* [GOAL OF THE EXERCISE]:
Your answer must be the lines from the one containing "2015 Opel VIVARO - 8" through the last line of the records below, copied exactly, with the pictures left out.

[Short text fragments from websites]
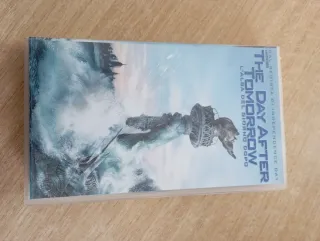 VHS The Day After Tomorrow - L'alba del giorno dop
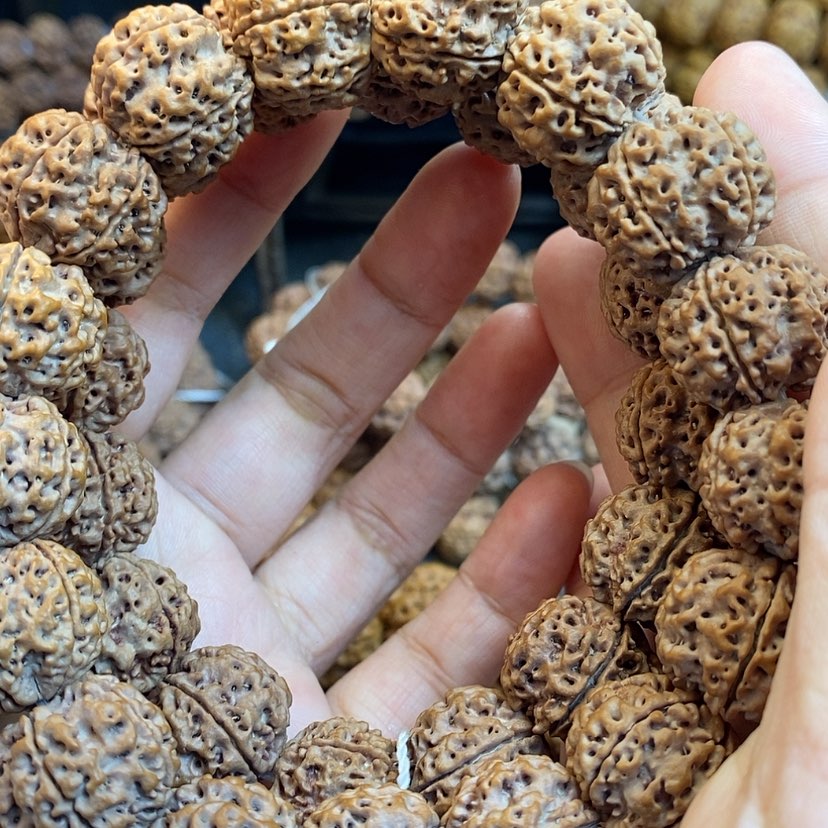 【闪购商品】手串金刚菩提原生态大金刚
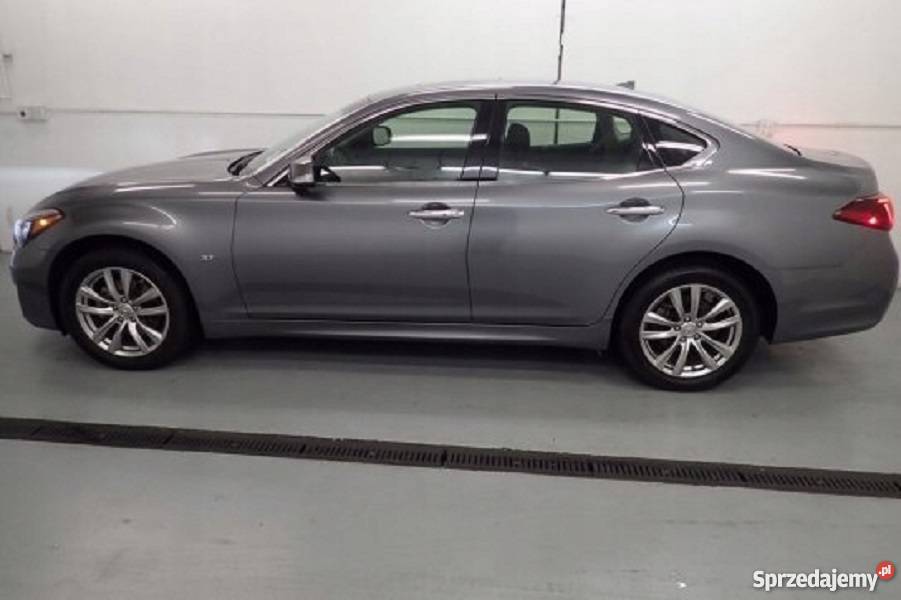 ĆWIARTKA TYŁ TYLNA LEWA INFINITI Q70 2013 Nowy Tomyśl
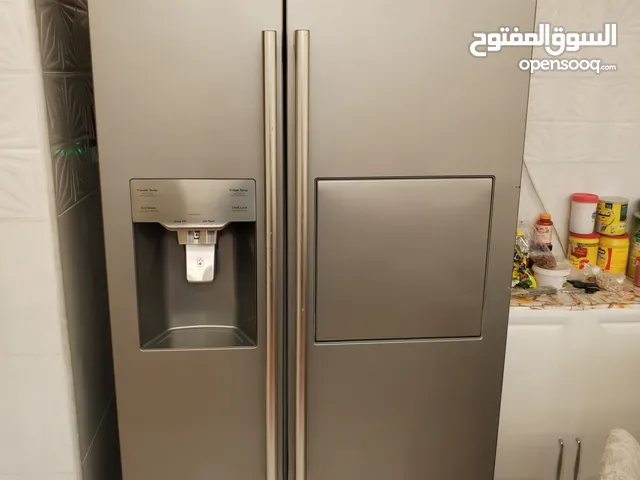 ثلاجة دايو 32 قدم حجم كبير بحالة ممتازه شرط الفحص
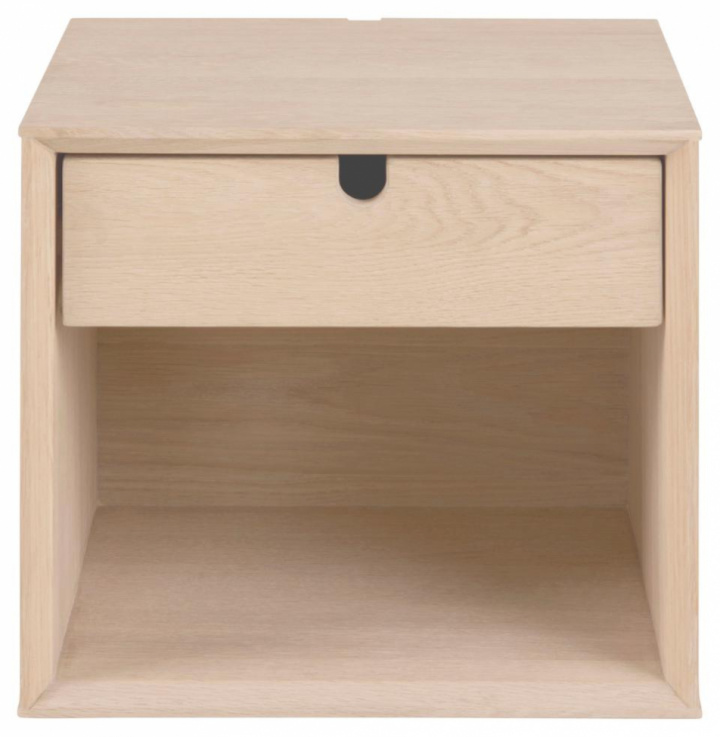 Natteskab \'Istria\' - Natur i gruppen Møbler / Bord / Sengeborde hos Reforma (76375)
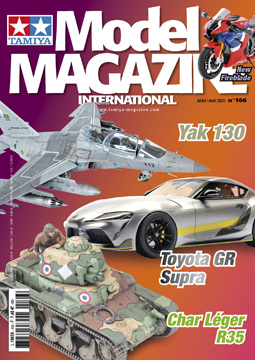 modelmag Tamiya Tamiya Model Magazine 166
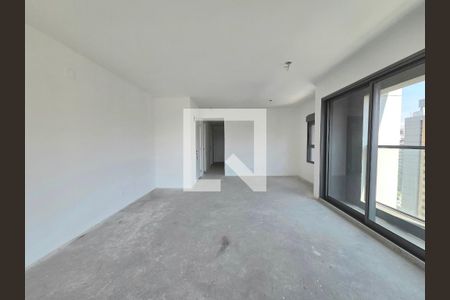 Sala de apartamento à venda com 3 quartos, 141m² em Indianópolis, São Paulo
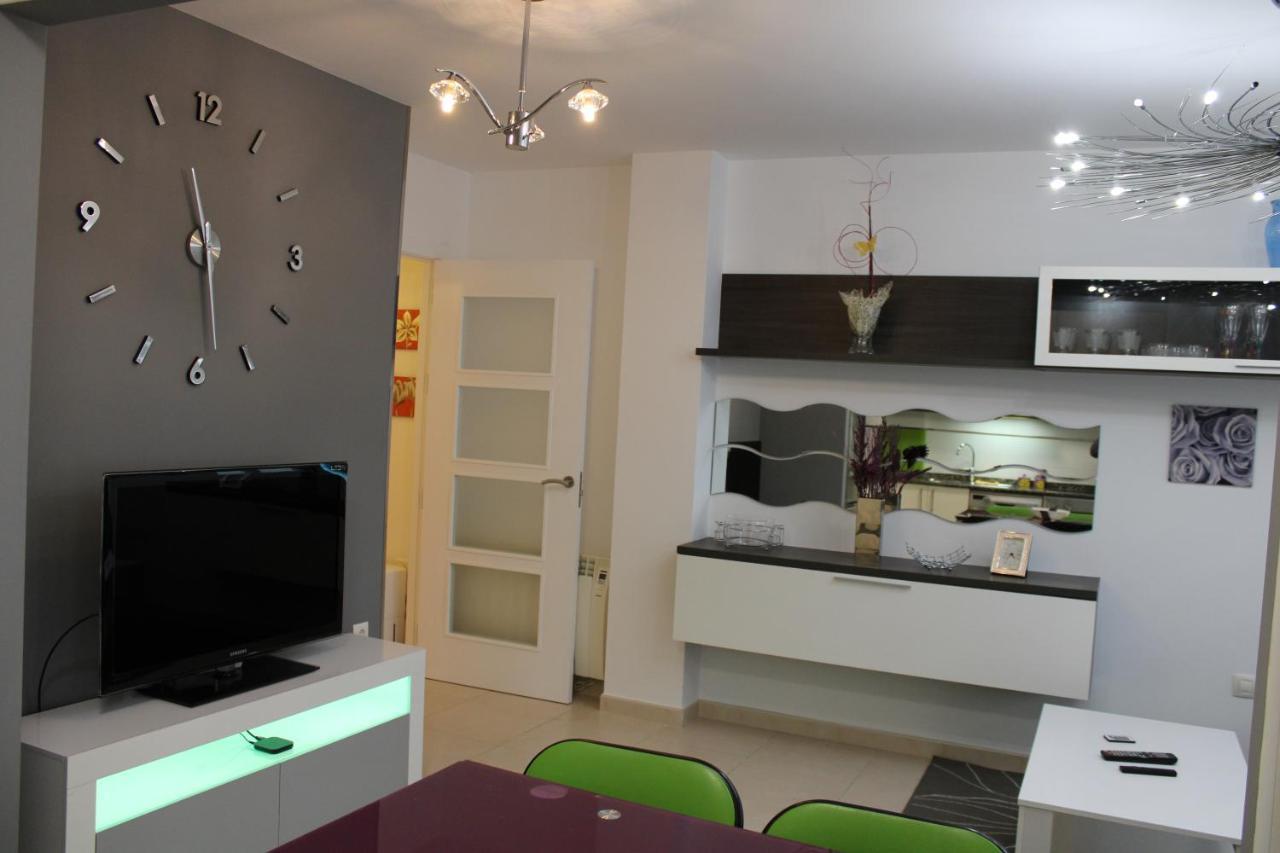 Apartamento Rua Do Vicedo Appartement Foz Buitenkant foto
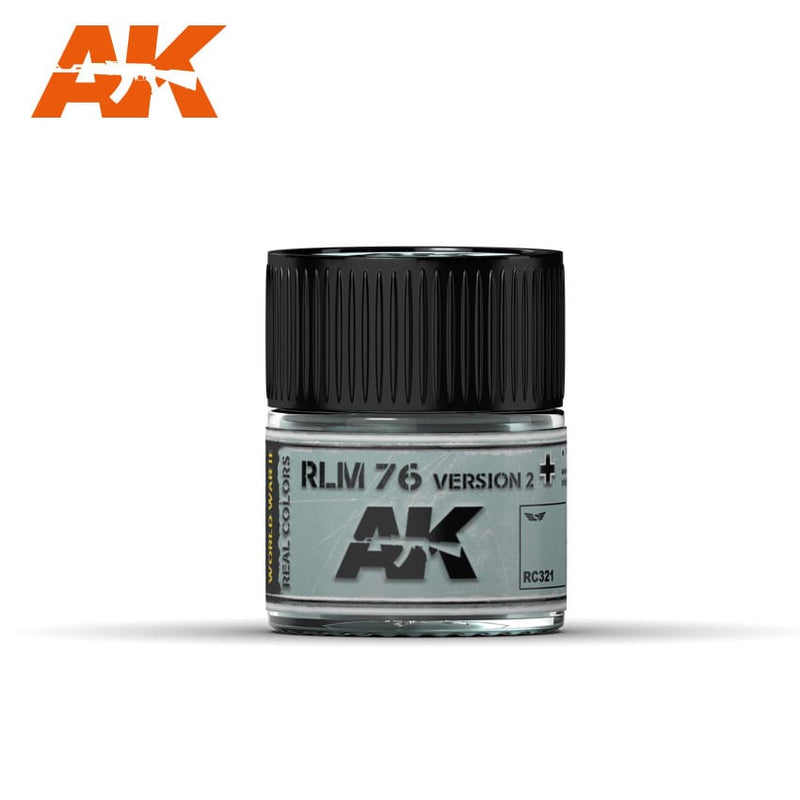 AK RC321: RLM 76 Version 2
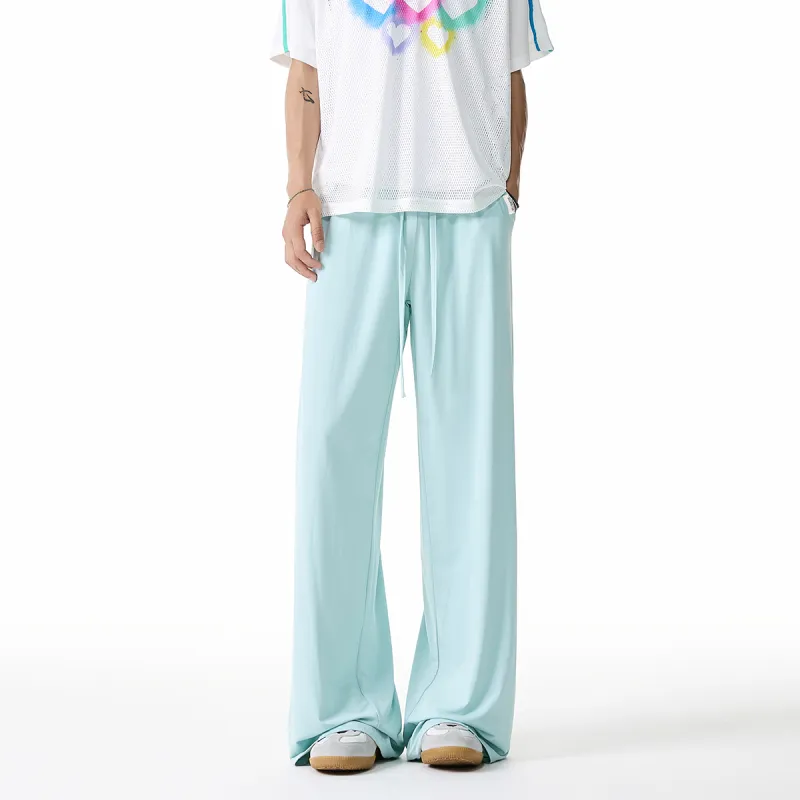 RICE NINE TEN Casual Pants Unisex-15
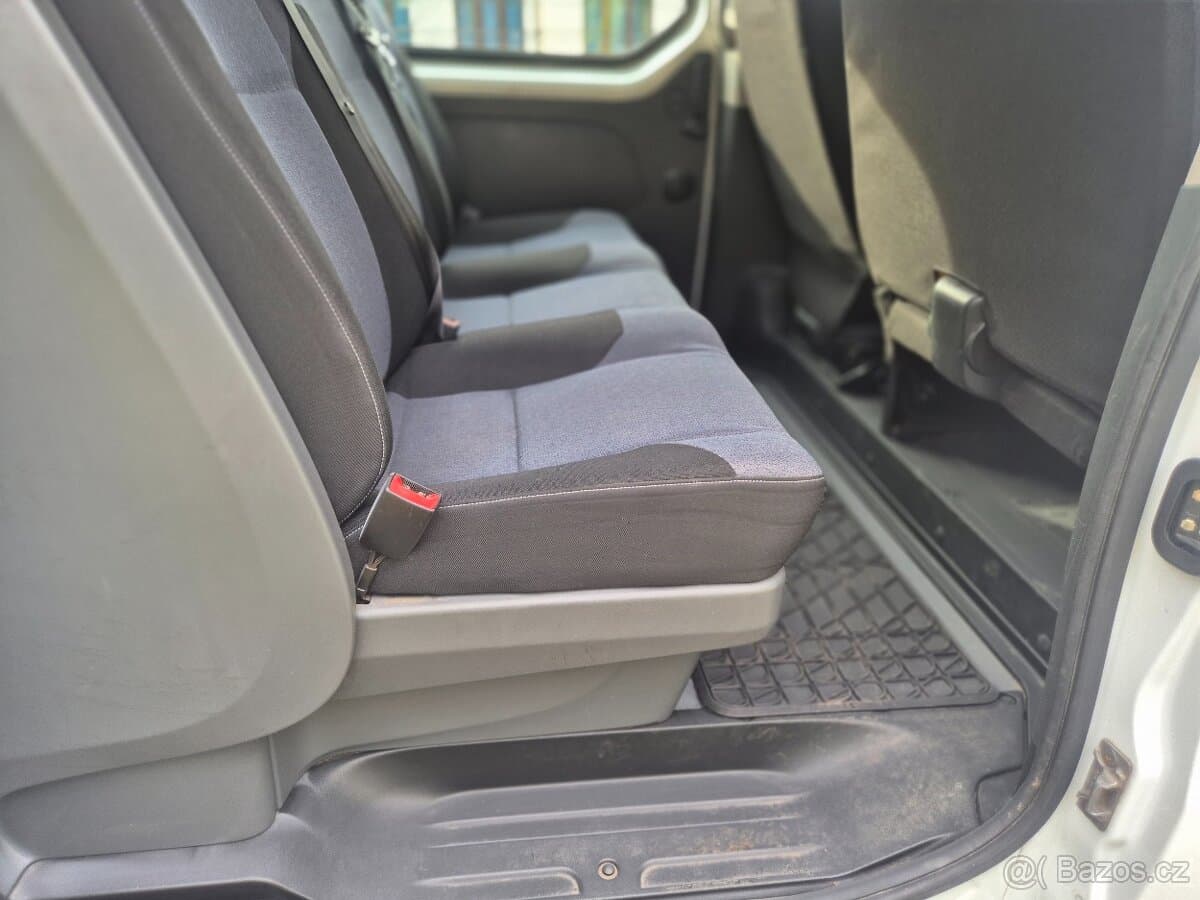 2015 Opel VIVARO - 8
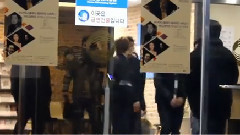 金桐俊(ZE:A) - KBS新春特辑全国偶像歌唱比赛 桐俊下班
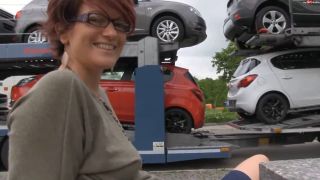 [K2S.CLUB] Popp-Sylvie - Public ficken am Rastplatz - FullHD 1080P-1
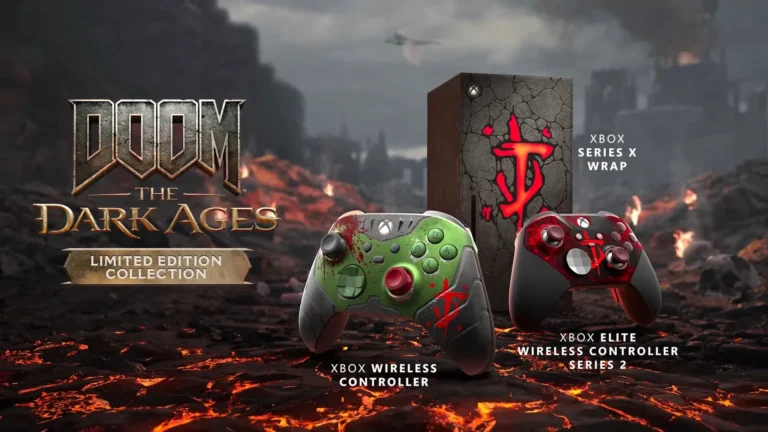 Comandos do Xbox para Doom: The Dark Ages Revelados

* [SOLUTION TO THIS EXERCISE]:
 2015 Opel VIVARO - 8
 金桐俊(ZE:A) - KBS新春特辑全国偶像歌唱比赛 桐俊下班
 [K2S.CLUB] Popp-Sylvie - Public ficken am Rastplatz - FullHD 1080P-1
 Comandos do Xbox para Doom: The Dark Ages Revelados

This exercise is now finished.